Influenced by the historical spice trade, this recipe originates from the Medieval Eastern World, with unique and distinctive flavours unexperimented within the bounds of our little island. An interesting and different flavour combination that marries well with the subtle flavour of the duck. When roasted the marinade takes on a smokey character making it irresistibly delicious.
· 2 × duck breasts (8oz each)
· 2 star anise
· 5 whole cloves
· 5 green cardamon pods
· 10 black peppercorns
· 1 × 3cm piece cinnamon stick or ½ ground cinnamon
· 500ml fresh coffee
Brew your choice of fresh coffee and pour into a bowl large enough to hold the duck breasts. Leave it to one side so that it can naturally cool to room temperature.

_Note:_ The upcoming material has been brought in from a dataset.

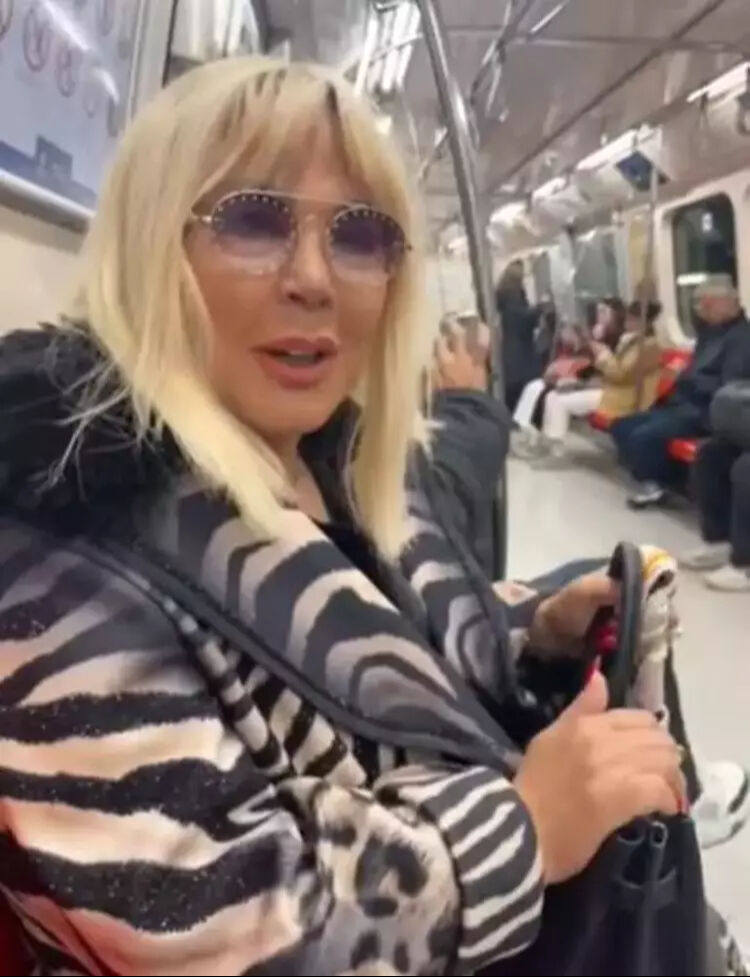 Safiye Soyman metroya bindi! O sözlerinden sonra sosyal medyada yorum yağdı Safiye Soyman metroya bindi! O sözlerinden sonra sosyal medyada yorum yağdı - 3. Resim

Heat a frying pan over a medium heat for 5 minutes, then place all the combined spices into the pan to slowly stir for around 2 minutes until they are slightly toasted. Remove the spices from the pan and stir them into the bowl with the coffee (if using ground cinnamon do not put it into the pan, this ingredient can be put it straight into the bowl with the coffee).
Using a sharp knife, score the skin of the duck in a diagonal direction being careful not to cut through the meat on the fat side to achieve a lattice effect.
Place the duck breasts into the cooled aromatic coffee marinade, then cover it with cling-film/plastic-wrap and place it into the fridge for 12 hours or overnight.
After the duck has cooled, preheat the oven to 180°c/356F/Gas 4.
Remove the duck breasts from the marinade and delicately pat them dry with kitchen paper. After patting, heat a frying pan over medium heat for 5 minutes and place the duck breasts in fat side down. Cook them for 4 minutes, until the fat is a crisp golden brown colour and then turn the breasts over and cook them for a further 1 minute.
Remove the breasts from the pan and place them onto a baking tray, put this into the oven for 5 minutes for a medium-rare breast.
Pour the marinade through a sieve into the frying pan and boil it until it has reduced by ½. This will be your dish’s sauce, rich in sweet-scented spices, bringing out the sweet succulence of the duck.
Remove the duck breasts from the oven and let them rest for 5-10 minutes before serving. We recommend serving on wilted baby leaf spinach with a piped tower of homemade mashed potato.
Duck breasts can be cooked in a pan in the same way steaks are due to their robust nature that retains its moisture even after cooking. For the best result both in texture and taste, cook medium-rare, as when overcooked duck has the tendency to turn tough and tasteless.
Resting your duck before serving is pivotal for its cooking experience as it equilibrates the temperature and allows the moistures the spread around the meat whilst cooking.